Wayne Leve also quit his employer, a labour hire company, over low pay. He made $A300-$400 a week after deductions. “I had no option [but to leave]. I have a family back [in Solomon Islands] to feed … I had to do something, I had to find another way,” he said, subsequently moving to fruit picking on a bridging visa.

Griffith University researcher Kaya Barry told the ABC: “Without rights to ‘exit’ employment when encountering mistreatment, people on the PALM scheme are likewise impaired from exercising their ‘voice’ due to fear, as termination infers deportation.” Losing their visa status, many end up working ad-hoc casual labour jobs for cash and relying on voluntary community support.

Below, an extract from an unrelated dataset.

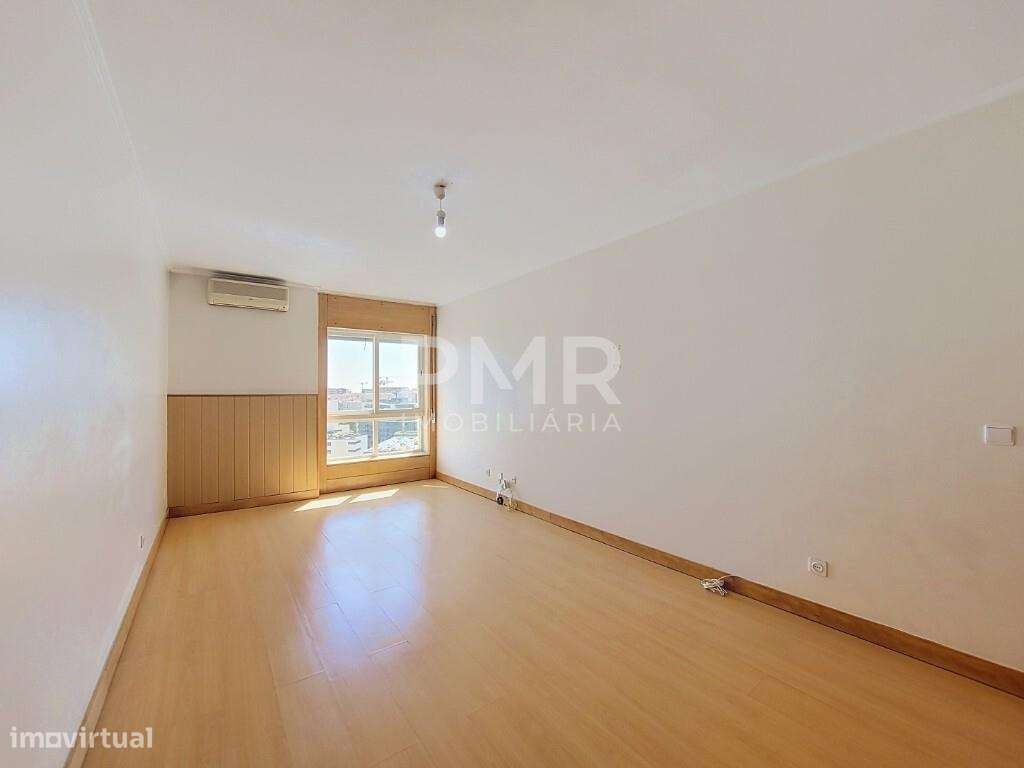 Apartamento T1 em Santa Clara-12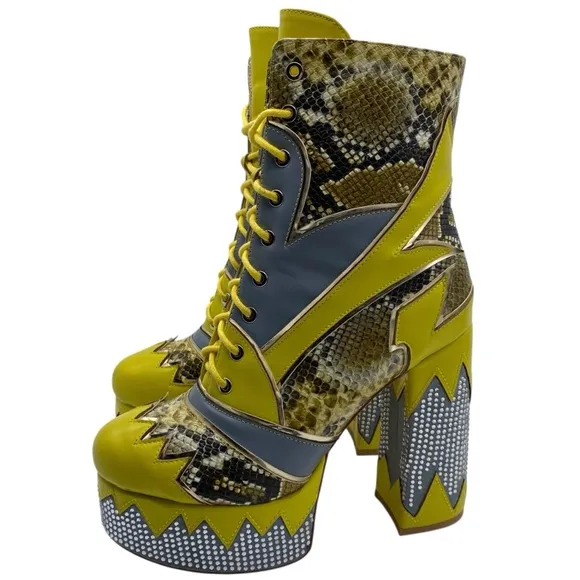 Azalea Wang Diver Platform Boots Sz 8.5 Yellow Heeled Embellished Chunky Lace Up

The PALM scheme has long been rife with exploitation. A report in February by the Royal Melbourne Institute of Technology’s Business and Human Rights Centre exposed severe conditions in the meat industry, with a harsh working environment, restricted freedoms and systemic inequities experienced by Pacific Island workers.

In August, an abattoir owned by Western Australian Meat Marketing Co-operative was fined $785,000 over a PALM worker’s death at its Katanning facility in 2022. The Tongan national died after being trapped in a “cake press” machine while undertaking what the magistrate described as “inherently risky” work. The task, for which he was inadequately trained, involved carrying heavy bags up steps slippery with grease, then pouring the contents into machinery with paddles.

PALM workers are often paid the bare minimum within industry awards, with “deductibles” made for travel and accommodation. Many report being forced to work unpaid overtime or take on extra responsibilities without additional compensation. Those in isolated rural areas are often forced to live in overcrowded, high-rent accommodation. They describe long hours, excessive production targets and a lack of leisure time.

At a New South Wales parliamentary inquiry into “slavery risks” faced by migrant workers, Dr Trudi Beck, an obstetrician based in Wagga Wagga, said in June there was an “unseen population” of migrant women seeking abortions they would not normally want, to avoid breaching their visa conditions. “We’re providing services to 500 to 600 pregnant women per year,” Beck said, describing the unwanted abortion situation as a form of “modern slavery” for the women.

Paul Maytom, a former mayor of Leeton Shire Council, told the inquiry of the substandard workers’ accommodation he had witnessed. “I have seen situations with people camped in backyards, or with a few bricks and a bit of iron at the top and a fire going to boil water,” he said. He had also seen a two-month-old baby “lying on the floor with blankets over it, nothing else in a little room as big as a laundry, with a mother and father.”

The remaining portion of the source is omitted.